--- Supplied entries Enclosed Below ---
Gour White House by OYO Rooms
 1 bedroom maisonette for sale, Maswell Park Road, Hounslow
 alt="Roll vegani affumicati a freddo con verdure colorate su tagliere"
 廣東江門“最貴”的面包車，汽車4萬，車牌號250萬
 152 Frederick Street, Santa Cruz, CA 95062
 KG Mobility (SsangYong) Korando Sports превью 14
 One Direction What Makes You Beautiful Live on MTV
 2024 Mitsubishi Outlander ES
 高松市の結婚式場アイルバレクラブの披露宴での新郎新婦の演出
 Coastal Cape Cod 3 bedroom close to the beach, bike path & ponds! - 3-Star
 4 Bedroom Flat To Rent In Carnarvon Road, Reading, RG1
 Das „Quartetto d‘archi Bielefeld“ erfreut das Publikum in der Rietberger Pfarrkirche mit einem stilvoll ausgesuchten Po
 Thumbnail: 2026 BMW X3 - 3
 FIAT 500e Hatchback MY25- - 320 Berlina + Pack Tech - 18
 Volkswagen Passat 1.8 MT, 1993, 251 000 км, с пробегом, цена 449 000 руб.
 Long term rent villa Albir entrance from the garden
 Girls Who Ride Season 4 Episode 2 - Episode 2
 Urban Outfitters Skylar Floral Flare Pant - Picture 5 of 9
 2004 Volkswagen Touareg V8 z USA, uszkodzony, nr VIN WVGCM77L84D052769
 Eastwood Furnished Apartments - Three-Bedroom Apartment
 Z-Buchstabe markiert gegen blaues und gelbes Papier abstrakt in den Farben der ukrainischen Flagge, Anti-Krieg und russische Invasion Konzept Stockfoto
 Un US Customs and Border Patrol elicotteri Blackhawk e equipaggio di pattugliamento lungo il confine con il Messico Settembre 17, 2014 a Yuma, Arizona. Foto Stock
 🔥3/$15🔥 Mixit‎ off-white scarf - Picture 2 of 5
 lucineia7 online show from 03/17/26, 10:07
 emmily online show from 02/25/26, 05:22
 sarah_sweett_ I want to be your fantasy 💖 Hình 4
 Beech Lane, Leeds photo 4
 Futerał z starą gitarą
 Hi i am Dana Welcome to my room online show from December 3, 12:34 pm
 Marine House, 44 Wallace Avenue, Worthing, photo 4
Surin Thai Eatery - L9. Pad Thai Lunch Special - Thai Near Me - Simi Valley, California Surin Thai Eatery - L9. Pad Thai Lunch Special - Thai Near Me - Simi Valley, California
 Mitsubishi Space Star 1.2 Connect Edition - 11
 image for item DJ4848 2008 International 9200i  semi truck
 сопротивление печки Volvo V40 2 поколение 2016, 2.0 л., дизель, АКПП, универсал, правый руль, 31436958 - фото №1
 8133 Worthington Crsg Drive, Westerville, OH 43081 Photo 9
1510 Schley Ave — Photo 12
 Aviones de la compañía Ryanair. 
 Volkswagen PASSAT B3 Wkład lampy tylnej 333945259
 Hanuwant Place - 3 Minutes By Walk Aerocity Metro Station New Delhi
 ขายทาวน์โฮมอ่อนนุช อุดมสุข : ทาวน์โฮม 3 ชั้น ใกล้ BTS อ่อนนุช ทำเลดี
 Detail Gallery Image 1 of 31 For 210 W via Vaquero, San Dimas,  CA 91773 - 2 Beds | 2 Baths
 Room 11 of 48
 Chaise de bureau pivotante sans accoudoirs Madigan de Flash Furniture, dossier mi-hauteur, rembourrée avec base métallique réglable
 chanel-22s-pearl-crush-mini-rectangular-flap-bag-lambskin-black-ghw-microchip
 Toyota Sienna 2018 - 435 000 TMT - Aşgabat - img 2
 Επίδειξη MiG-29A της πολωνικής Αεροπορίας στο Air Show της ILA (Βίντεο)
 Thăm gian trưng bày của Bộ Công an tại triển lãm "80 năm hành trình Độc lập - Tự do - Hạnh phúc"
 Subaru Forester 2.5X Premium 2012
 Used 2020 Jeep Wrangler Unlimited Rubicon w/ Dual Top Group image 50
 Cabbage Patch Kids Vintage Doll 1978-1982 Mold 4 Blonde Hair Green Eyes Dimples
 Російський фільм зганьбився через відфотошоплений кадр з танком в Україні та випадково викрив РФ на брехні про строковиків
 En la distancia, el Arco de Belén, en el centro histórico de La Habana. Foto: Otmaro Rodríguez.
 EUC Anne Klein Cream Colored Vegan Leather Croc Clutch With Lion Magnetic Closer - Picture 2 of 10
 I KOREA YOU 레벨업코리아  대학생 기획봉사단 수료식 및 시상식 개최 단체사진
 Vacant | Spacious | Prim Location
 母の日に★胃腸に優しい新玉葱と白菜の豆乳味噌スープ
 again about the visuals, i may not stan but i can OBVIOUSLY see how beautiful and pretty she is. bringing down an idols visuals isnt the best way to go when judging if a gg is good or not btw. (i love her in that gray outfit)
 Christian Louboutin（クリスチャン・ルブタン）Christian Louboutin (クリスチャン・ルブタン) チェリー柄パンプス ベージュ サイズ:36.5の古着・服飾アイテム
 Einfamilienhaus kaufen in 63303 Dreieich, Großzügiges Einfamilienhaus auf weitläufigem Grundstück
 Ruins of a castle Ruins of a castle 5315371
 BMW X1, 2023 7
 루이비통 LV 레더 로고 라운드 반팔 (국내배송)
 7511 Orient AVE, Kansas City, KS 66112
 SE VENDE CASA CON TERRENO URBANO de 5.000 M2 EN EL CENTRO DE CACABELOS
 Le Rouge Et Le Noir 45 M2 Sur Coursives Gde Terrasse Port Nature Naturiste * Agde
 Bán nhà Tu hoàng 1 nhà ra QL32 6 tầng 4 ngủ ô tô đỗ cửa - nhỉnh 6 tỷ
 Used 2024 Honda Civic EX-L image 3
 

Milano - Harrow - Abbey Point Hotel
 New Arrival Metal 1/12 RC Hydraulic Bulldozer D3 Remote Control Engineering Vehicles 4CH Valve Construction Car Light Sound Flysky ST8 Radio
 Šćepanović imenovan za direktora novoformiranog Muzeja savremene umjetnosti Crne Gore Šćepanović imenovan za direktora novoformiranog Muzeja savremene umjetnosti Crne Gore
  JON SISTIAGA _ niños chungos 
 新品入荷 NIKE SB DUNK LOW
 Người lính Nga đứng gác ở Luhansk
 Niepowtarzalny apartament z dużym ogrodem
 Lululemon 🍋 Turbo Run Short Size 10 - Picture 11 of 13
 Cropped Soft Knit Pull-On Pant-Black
--- End of Enclosed Supplied entries ---
Problem to solve
Reproduce word for word the material above, beginning with the line that contains "vegani affumicati a" and ending with the line that contains "2004 Volkswagen Touareg".

Solution for this problem
 alt="Roll vegani affumicati a freddo con verdure colorate su tagliere"
 廣東江門“最貴”的面包車，汽車4萬，車牌號250萬
 152 Frederick Street, Santa Cruz, CA 95062
 KG Mobility (SsangYong) Korando Sports превью 14
 One Direction What Makes You Beautiful Live on MTV
 2024 Mitsubishi Outlander ES
 高松市の結婚式場アイルバレクラブの披露宴での新郎新婦の演出
 Coastal Cape Cod 3 bedroom close to the beach, bike path & ponds! - 3-Star
 4 Bedroom Flat To Rent In Carnarvon Road, Reading, RG1
 Das „Quartetto d‘archi Bielefeld“ erfreut das Publikum in der Rietberger Pfarrkirche mit einem stilvoll ausgesuchten Po
 Thumbnail: 2026 BMW X3 - 3
 FIAT 500e Hatchback MY25- - 320 Berlina + Pack Tech - 18
 Volkswagen Passat 1.8 MT, 1993, 251 000 км, с пробегом, цена 449 000 руб.
 Long term rent villa Albir entrance from the garden
 Girls Who Ride Season 4 Episode 2 - Episode 2
 Urban Outfitters Skylar Floral Flare Pant - Picture 5 of 9
 2004 Volkswagen Touareg V8 z USA, uszkodzony, nr VIN WVGCM77L84D052769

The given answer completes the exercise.